As an actual Catholic who had been raised by nuns since what used to be called nursery school through (now defunct) grade 13, then worked with them at a left-leaning newspaper, any “inside information” I proffered to these eager seekers inevitably let them down. The “Josies” who pretty much ran my hometown, and the sisters I shared a Toronto office with, didn’t glide around serenely, emanating patience, wisdom, and holiness. They were, I explained to the frowning feminists, just generally decent old ladies—tough, sure, but also frumpy and frequently tired. The nuns I knew then, in the late 1980s, wore polyester pull-on slacks and cheap, sensible shoes, went to baseball games, drank the odd beer, and read detective novels.

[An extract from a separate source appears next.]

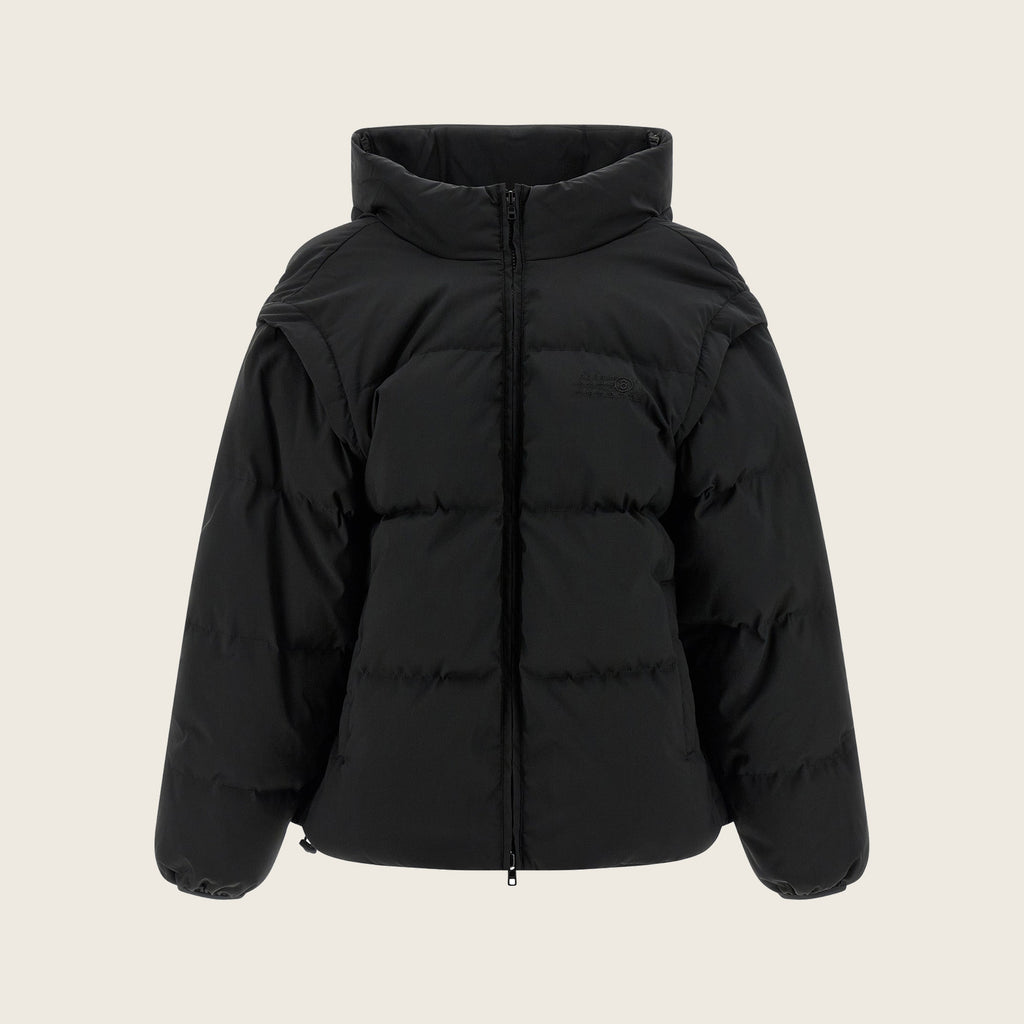 Jacket – Black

And yet they weren’t “just ordinary women,” either. Their remove from modern life’s most basic ingredients—relationships with men and child rearing, of course, but also job hunting, home buying, and retirement planning—sometimes bestowed an otherworldliness that wasn’t charmingly fey so much as brittle and tone-deaf.
I expect that when pop singer Katy Perry put that down payment on the Los Angeles manse she’s hoping to move into, its history as a convent added to its already considerable allure. She, like so many outsiders, likely presumed the walls would fairly exude the hum of vespers and not, as is more likely, the residue of Enneagram seminars and lectures on liberation theology. (Then there’s the bad karma from those pedophile priests who were shacked up there, come to find out...)

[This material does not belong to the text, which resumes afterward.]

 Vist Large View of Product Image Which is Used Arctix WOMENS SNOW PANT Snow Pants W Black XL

Perry was raised in one of those stuck-up Protestant denominations that consider Catholics weirdos, while simultaneously forbidding their own kids to eat “Lucky Charms [cereal] as the term ‘luck’ reminded their mother of Lucifer,” and making them “call deviled eggs ‘angeled eggs.’” Perry’s attempted purchase of the old Immaculate Heart convent is probably a wee jab at said mother, who sounds a lot like Carrie’s but without the charm and wit.
“Attempted” because there’s a murky, sleazy-sounding conflict over the $14.5 million Los Feliz mother house. Like all but the most traditional women’s religious orders, the Immaculate Hearts are dying off, rendering their huge residence redundant. The remaining nuns are refusing to sell, but not because they’d always dreamt of transforming the place into a homeless shelter or something. They say they have a higher bid from local restaurateur Dana Hollister, who wants to turn it into a boutique hotel.
Whereas the Archbishop says the property isn’t theirs to sell and he’s siding with the chubby chick who rocketed to fame and fortune singing “I Kissed a Girl.” The nuns aren’t thrilled with Perry’s sexpot persona, but they seem especially peeved about her flaky flirtation with witchcraft.
Hollister serves up the money quote:
It’s interesting [Perry] has all this “girl power” and she’s running over a woman and five nuns.